Abstract

High mobility of the metals Fe, Zn, Pb, and Cu but not Ag and Mo has been demonstrated in hydrothermal transport experiments involving mixtures of the metal sulfides as nutrients in 1-m KCl solutions, with pH values buffered by K feldspar q- mica q- quartz, at temperatures up to 450 degrees C, and temperature gradients of 4.6 degrees to 9.6 degrees C/cm. Strong chloride complexing controls the solubility and transport of the mobile metals in these experiments. Up to 4 g of sulfide dissolution and transport was achieved during convection-driven experimental runs of 12 to 19 days duration, but despite doubled temperature gradients, a maximum of 0.4 g of sulfide dissolution and negligible sulfide transport occurred during 20 to 30 days, in diffusion-driven experiments. Replacement textures in the nutrient sulfides at the hottest end of the reaction vessel were conspicuous among chalcopyrite, galena, pyrrhotite, Ag 2 S, and to a lesser extent, sphalerite. Neither dissolution nor replacement was evident in nutrient molybdenite.

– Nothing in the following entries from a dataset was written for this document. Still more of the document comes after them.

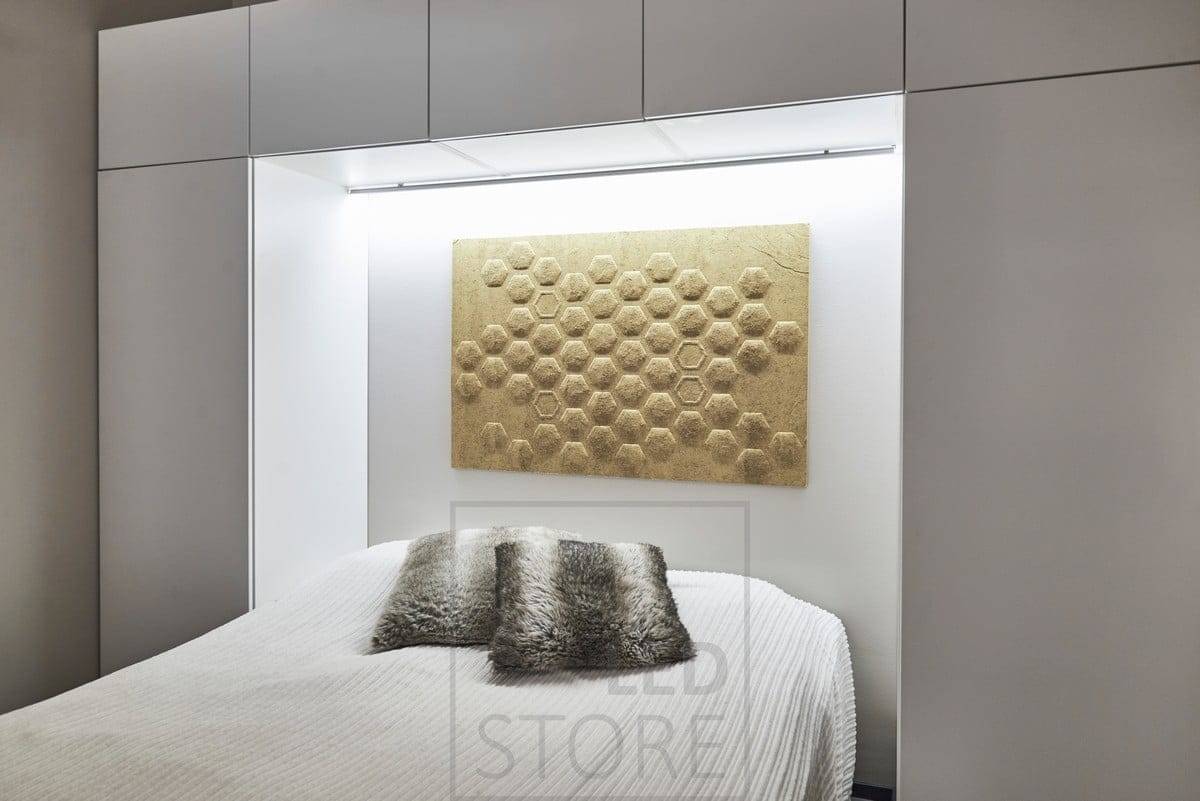Makuuhuoneessa sängyn taakse, seinäkaapin pohjaan kiinnitetty led nauha valaisee tunnelmallisesti epäsuoraa valoa. Ledstore.fi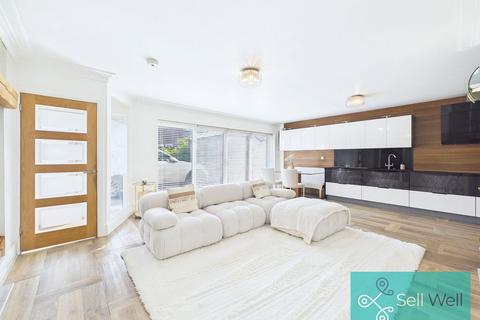undefined, Woodlands Close, Manchester M28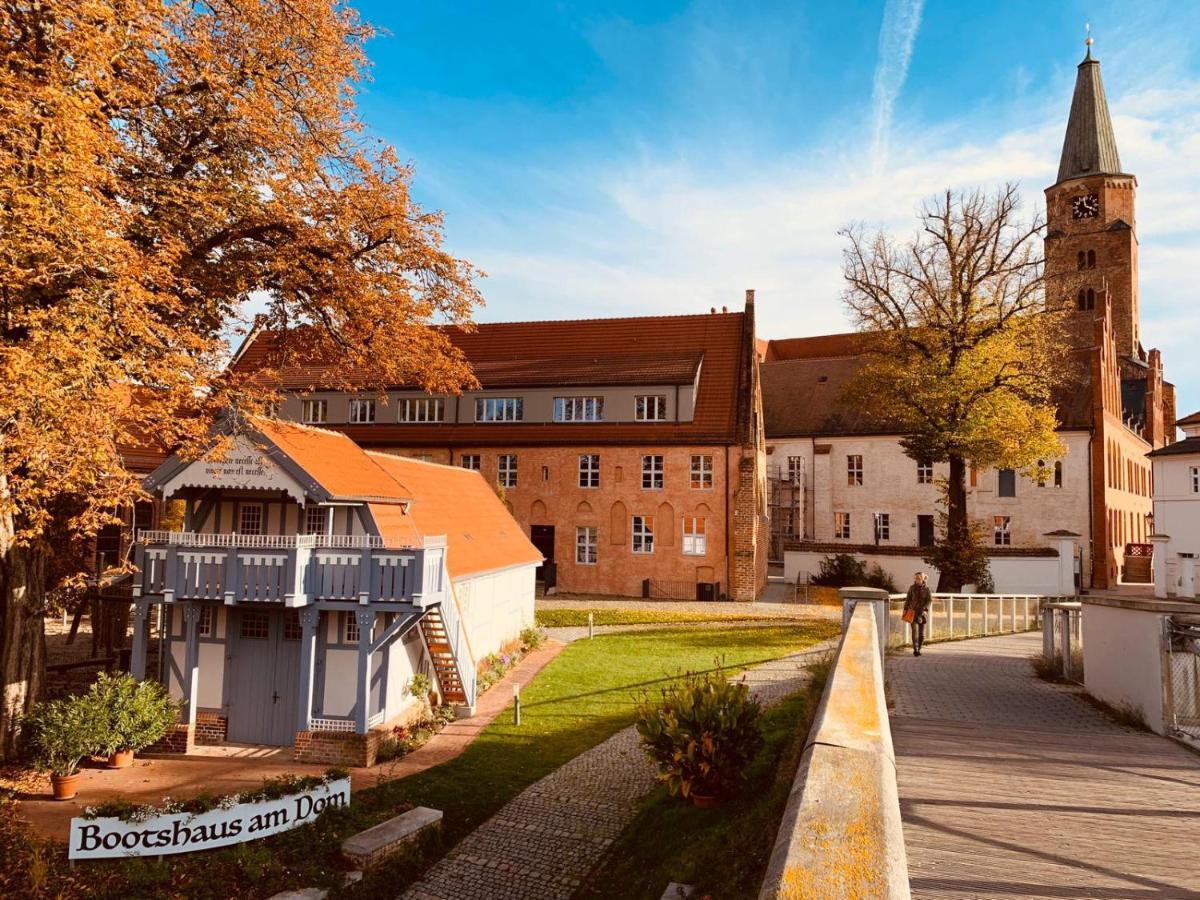 Altstadt Ferienwohnung Brandenburg  Exterior photo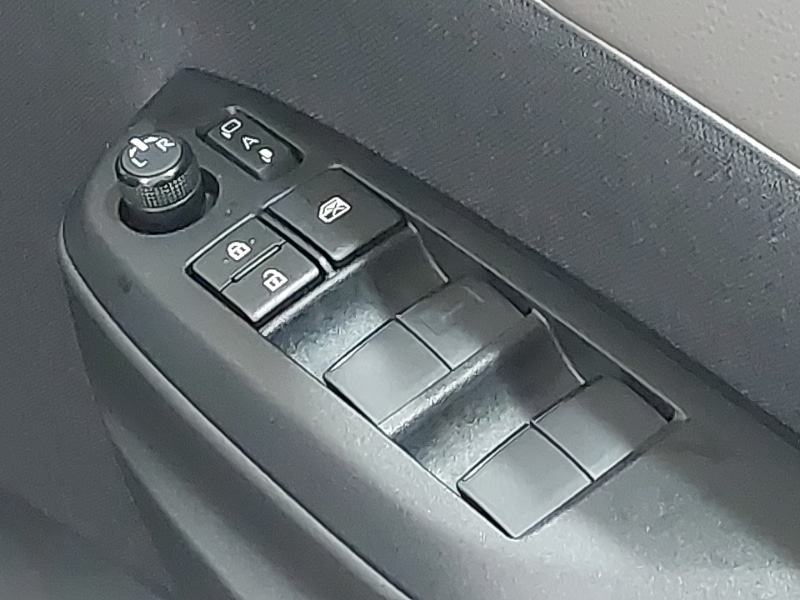 Used Toyota Yaris Cross 2023 for sale - 76571894: Photo 12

Dominant replacing phases (less soluble) were two compositional varieties of intermediate solid solution (iss) of the Cu-Fe-S system, Ag 2 S, galena, native copper, and very minor silver.Well-defined parageneses of (1) early galena, sphalerite, and minor pyrrhotite, (2) intermediate-stage pyrrhotite, sphalerite, and galena + pyrite, and (3) late-stage intermediate solid solution + fayalite were precipitated as mineral crusts at the cool end of the reaction vessel. Late-stage intermediate solid solution replaced early sphalerite in these crusts with textures analogous to chalcopyrite disease. The paragenesis of precipitated sulfides is due to differing mobilities of the metals from the nutrient sulfides at the hot end of the vessel to the warm site of deposition. Their mobilities depend upon differing stabilities of the chloride complexes of Pb, Zn, Fe, and Cu and their levels of saturation throughout the vessel. The immobility of Mo and Ag in these experiments shows that they do not form important chloride complexes in these solutions.